AEROMEXICO/MEXICANA: Legislators To Counter-Propose Aid Deal
AHMSA: Has New Deadline To Submit Restructuring Plan To SEC
EVAMEX: May Be Ready For Sale Early Next Year, IPAB Says
GRUPO DESC: Shares Decline Despite Debt Reduction Expectations
GRUPO MASECA: Withdraws From Bread-Making Business
GRUPO MEXICO: Needs To Obtain Waiver From Bondholders
XEROX: Appoints New Accounting Head


     - - - - - - - - - - - - -



=================
A R G E N T I N A
=================

AEROLINEAS ARGENTINAS: New Owners Reveal Restructuring Plan
-----------------------------------------------------------
Aerolíneas Argentinas' new owners, made up of three Spanish
businessmen, have unveiled plans to restructure and refloat the
airline, the Financial Times reported.

Gonzalo Pascual, who led bankrupt Aerolíneas Argentinas'
acquisition, believe "there are reasons to be optimistic" even in
the present tough economic environment and difficult conditions
in the airline sector worldwide.

The key to refloating the airline will be whether the new owners
can renegotiate the debt on more favorable terms. The
negotiations, which will commence in April, are aimed at reducing
the airline's secondary debt of $700 million debt to between $400
to $500 million.

The new management has negotiated a 30 percent reduction in costs
for future supplies. By not re-contracting Repsol-YPF as its main
fuel supplier, the company has achieved a savings of about 20 per
cent. BP is now its sole supplier in Madrid while Shell, Exxon
and Repsol-YPF supply its airplanes in Argentina.
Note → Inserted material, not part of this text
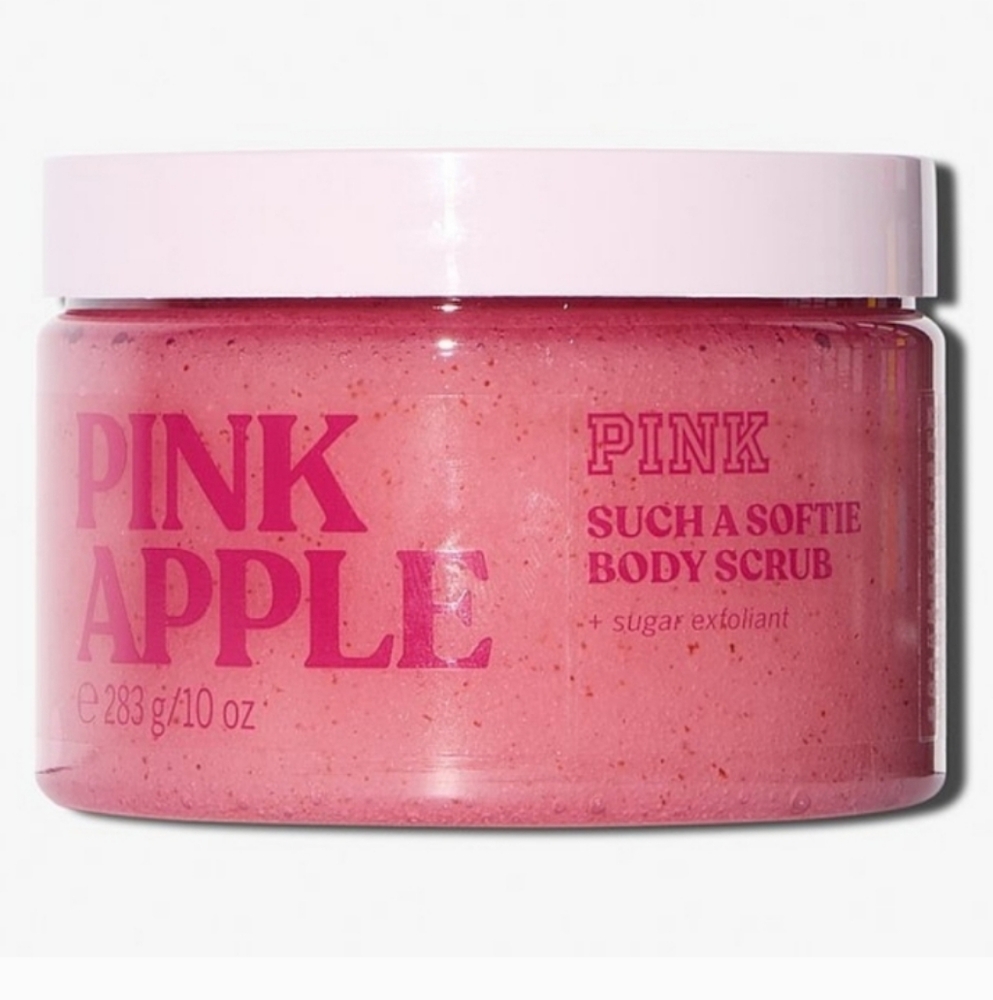 PINK Victoria's Secret Pink Apple Sugar Exfoliating Body Scrub 10oz NEW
The new owners have agreed to maintain the airline's 6,700
employees for the next two years, but have asked them to accept a
20 percent wage cut. Management is expecting a positive response
to its plans by the end of the month.


BANCO RIO: Majority Owner Takes Steps To Ensure Bank's Future
-------------------------------------------------------------
A 22.4 percent drop in Banco Rio de la Plata's third-quarter net
profits indicates the Argentine bank is suffering from the
country's economic deterioration, according to El Pais.
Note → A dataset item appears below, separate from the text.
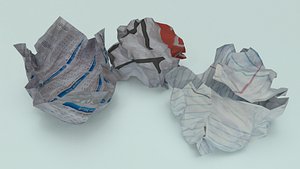 crumpled paper ball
However, Spain's Santander Central Hispano (SCH), which controls
80 percent of Banco Rio, maintains its profit forecasts for 2001
in Latin America of $1.5 billion.

To ensure its results do not fall further and reduce risk, Banco
Rio has drastically reduced bonds and loans to the Argentinean
government from $3.36 billion to $2.75 billion, a cut of 18
percent.

In contrast, it has increased loans to private individuals by 5.8
percent through September.

SCH disclosed that the assets of Rio de la Plata account for four
percent of the SCH group as a whole, thus any crisis in Argentina
can easily be assumed by the group.


METROVACESA: May Cease Operations, Leave Argentina
--------------------------------------------------
Metrovacesa, which arrived in Argentina in 1999, is considering
the possibility of pulling out of the country, El Cronista
reported.

The company may close the subsidiary after freezing all its local
operations due to the gloomy economic situation in Argentina.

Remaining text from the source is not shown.